Ensconced in a cubby in the Science Fiction section of a public library in the Glen Park neighborhood of San Francisco, surrounded by the works of Philip K. Dick and Robert Heinlein and Ursula K. Le Guin, a 29-year-old Millennial sat working on his Samsung laptop. He was thin, pale, and, with his smiling eyes and Texas grin, handsome in a boyish sort of way. He looked like a graduate student—which, not that long ago, he was.

No one in the Glen Park Branch Library that brisk autumn day would have guessed at his true profession, or what this harmless-looking dork was actually doing on that laptop. His name was Ross Ulbricht. Online, he went by the handle “Dread Pirate Roberts”—a nod to the Cary Elwes character in The Princess Bride. He was the beneficial owner and mastermind of the Silk Road marketplace, the “eBay of drugs,” a sprawling criminal enterprise that operated on the Dark Web. And he was worth over a hundred million dollars (which would come as a surprise to his roommates).

On that first day of October, 2013, six FBI agents materialized in the Science Fiction section of the Glen Park Branch Library. As an undercover agent communicated with Ulbricht online, two of the agents pretended to argue, to distract him. As soon as the Dread Pirate Roberts turned his head, a third snatched his laptop—on which was all the evidence the DOJ needed to put him away for a long, long time.

“The Silk Road is an online black market that as late as last month was hosting nearly 13,000 sales listings for controlled substances, including marijuana, LSD, heroin, cocaine, methamphetamine and ecstasy,” Brian Krebs, the security reporter, explained at the time. “Much like eBay sellers, merchants on the Silk Road are evaluated by previous buyers, who are encouraged to leave feedback about the quality of the seller’s goods and services.”

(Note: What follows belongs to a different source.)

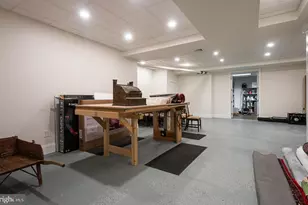 621 Great Springs Rd, Bryn Mawr, PA 19010 - Photo 93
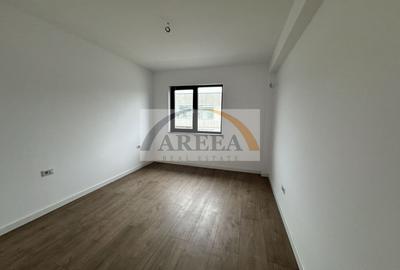 Ajustare Preț -vila  4 camere individuală Tunari-gata de mutat - 16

How was such a thing possible? “The Silk Road is not available via the regular Internet,” Krebs explains. “Rather, it is only reachable via the Tor network, an anonymity network that bounces its users communications across a distributed network of relays run by volunteers all around the world.”

Tor is both an abbreviation of The Onion Router and, perhaps, a nod to the hallowed science fiction publishing imprint. I logged into it a few times myself, out of curiosity, after Ulbricht’s arrest. It was clunky and slow and reminiscent of the primitive World Wide Web of the dial-up mid-nineties—which is when it was first developed, by computer scientists from the U.S. Naval Research Lab. Whatever its shortcomings, Tor offered users a way to bypass electronic surveillance and browse the internet anonymously—useful technology during the Arab Spring of 2010, and perhaps even more useful to us now, in Trump Redux.

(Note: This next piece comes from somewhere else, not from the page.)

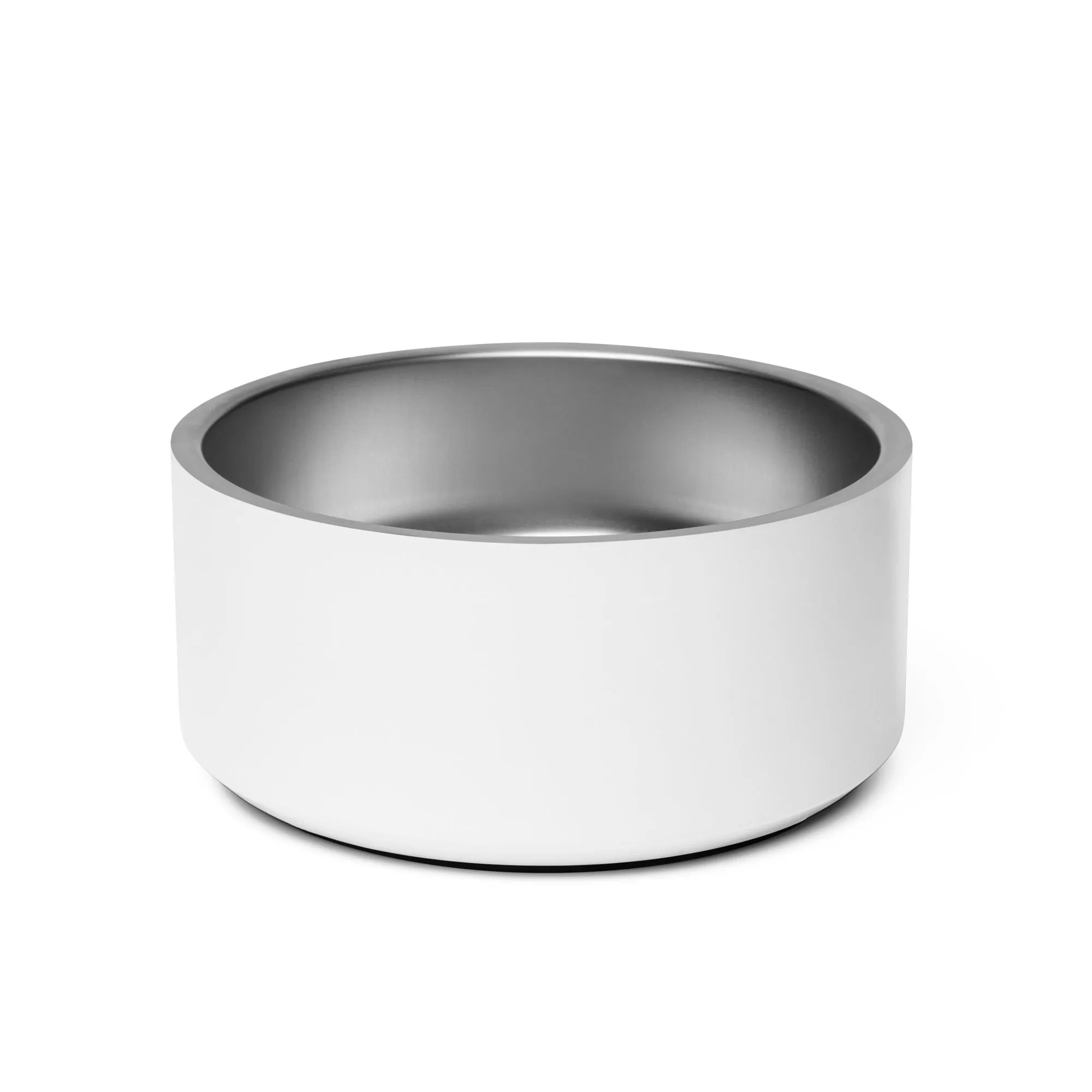 Motivated Pet bowl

But in the case of Silk Road, Ulbricht hid behind Tor’s anonymity in order to flaunt the law and reap the benefits. Here is how federal prosecutors described his operation:

ULBRICHT created Silk Road in approximately January 2011, and owned and operated the underground website until it was shut down by law enforcement authorities in October 2013. Silk Road emerged as the most sophisticated and extensive criminal marketplace on the Internet, serving as a sprawling black-market bazaar where unlawful goods and services, including illegal drugs of virtually all varieties, were bought and sold regularly by the site’s users. While in operation, Silk Road was used by several thousand drug dealers and other unlawful vendors to distribute hundreds of kilograms of illegal drugs and other unlawful goods and services to well over a hundred thousand buyers, and to launder hundreds of millions of dollars deriving from these unlawful transactions.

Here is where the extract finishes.